Practical guidelines and national minimum standards exist of the provision of meals in residential and nursing homes. These guidelines are relevant and should be applied to the resident with diabetes too.
Consideration should be made, for example, to timing of medication and meals, the availability of snacks, and flexibility and frequency of meals.
Breakfast
All breakfast cereals are fine. More filling choices include porridge, All Bran or fruit and fibre. Adding fruit helps to notch up a portion towards the five-a-day target early in the day. Any kind of fruit can be used and it can be fresh, frozen, stewed, canned or dried.
A small glass of unsweetened fruit juice or smoothie can count too, but no matter how much is drunk, fruit juice can only count as one portion in any one day. Some people find it affects blood glucose levels quickly so it’s not the best choice for quenching thirst.

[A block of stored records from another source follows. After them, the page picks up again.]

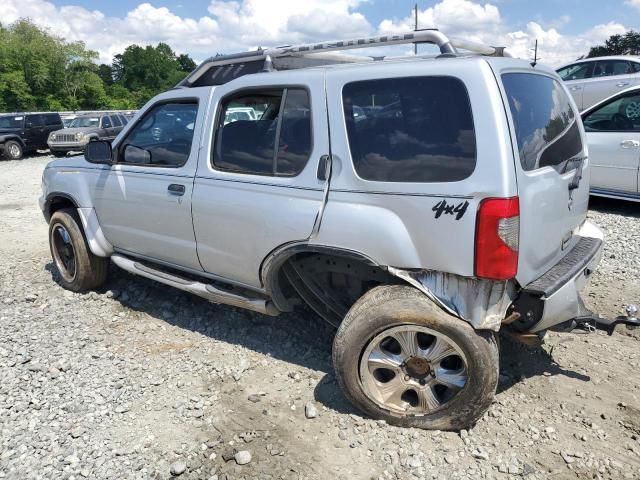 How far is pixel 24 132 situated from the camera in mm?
19203

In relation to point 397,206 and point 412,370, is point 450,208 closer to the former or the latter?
point 397,206

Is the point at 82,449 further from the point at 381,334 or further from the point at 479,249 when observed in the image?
the point at 479,249

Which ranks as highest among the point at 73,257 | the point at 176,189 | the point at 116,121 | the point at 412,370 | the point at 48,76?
the point at 48,76

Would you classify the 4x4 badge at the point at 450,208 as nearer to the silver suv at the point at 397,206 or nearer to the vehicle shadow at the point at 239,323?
the silver suv at the point at 397,206

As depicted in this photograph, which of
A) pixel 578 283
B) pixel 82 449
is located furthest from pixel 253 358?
pixel 578 283

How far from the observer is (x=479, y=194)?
250cm

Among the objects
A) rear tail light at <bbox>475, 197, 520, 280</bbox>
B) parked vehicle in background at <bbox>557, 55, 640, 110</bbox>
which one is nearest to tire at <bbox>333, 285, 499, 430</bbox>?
rear tail light at <bbox>475, 197, 520, 280</bbox>

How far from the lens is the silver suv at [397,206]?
2564mm

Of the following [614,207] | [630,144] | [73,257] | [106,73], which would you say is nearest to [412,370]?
[73,257]

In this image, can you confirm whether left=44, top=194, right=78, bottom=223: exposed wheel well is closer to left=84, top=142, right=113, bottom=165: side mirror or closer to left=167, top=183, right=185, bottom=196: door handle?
left=84, top=142, right=113, bottom=165: side mirror

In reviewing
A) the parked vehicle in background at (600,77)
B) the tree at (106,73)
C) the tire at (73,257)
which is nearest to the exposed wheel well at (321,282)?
the tire at (73,257)

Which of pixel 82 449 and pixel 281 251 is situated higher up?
pixel 281 251

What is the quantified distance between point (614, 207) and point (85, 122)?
17715 millimetres

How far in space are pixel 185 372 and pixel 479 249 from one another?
7.20ft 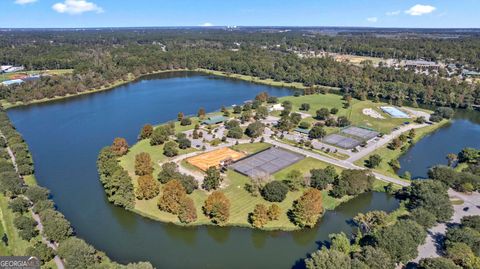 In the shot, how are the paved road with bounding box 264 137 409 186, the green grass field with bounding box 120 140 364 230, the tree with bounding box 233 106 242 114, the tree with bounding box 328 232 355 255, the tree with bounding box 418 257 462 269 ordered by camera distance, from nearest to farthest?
the tree with bounding box 418 257 462 269
the tree with bounding box 328 232 355 255
the green grass field with bounding box 120 140 364 230
the paved road with bounding box 264 137 409 186
the tree with bounding box 233 106 242 114

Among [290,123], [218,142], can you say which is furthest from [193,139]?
[290,123]

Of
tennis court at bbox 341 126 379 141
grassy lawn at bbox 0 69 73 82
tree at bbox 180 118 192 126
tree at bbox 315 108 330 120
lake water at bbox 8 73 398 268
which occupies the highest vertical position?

Bread, toast, bread muffins and crumpets are a good alternative to cereal. All are fine, but wholegrain and granary versions are better for helping people with diabetes feel fuller for longer. Ordinary jams and marmalades or reduced sugar versions are okay too.
Main meals
Using the plate as a rough guide will help you to provide foods in the recommended proportions (see below).


Light meals
Ensuring that residents also have a light meal helps to control appetite as well as diabetes. Lean meat, fish, eggs, beans, pulses, soups and salads are all good choices. Provide these with granary bread, toast, pitta bread, jacket potatoes, pasta or rice. For a better balance, add some extra salad and follow lunch with a piece of fruit or a low fat or diet yogurt.
Snacks
Remember that extra snacks can pile on extra calories so make fruit or a diet/low fat yogurt the choice of snack wherever possible. For some people with diabetes on certain diabetes medication, snacks are essential – check with your resident’s healthcare team about whether this applies to them.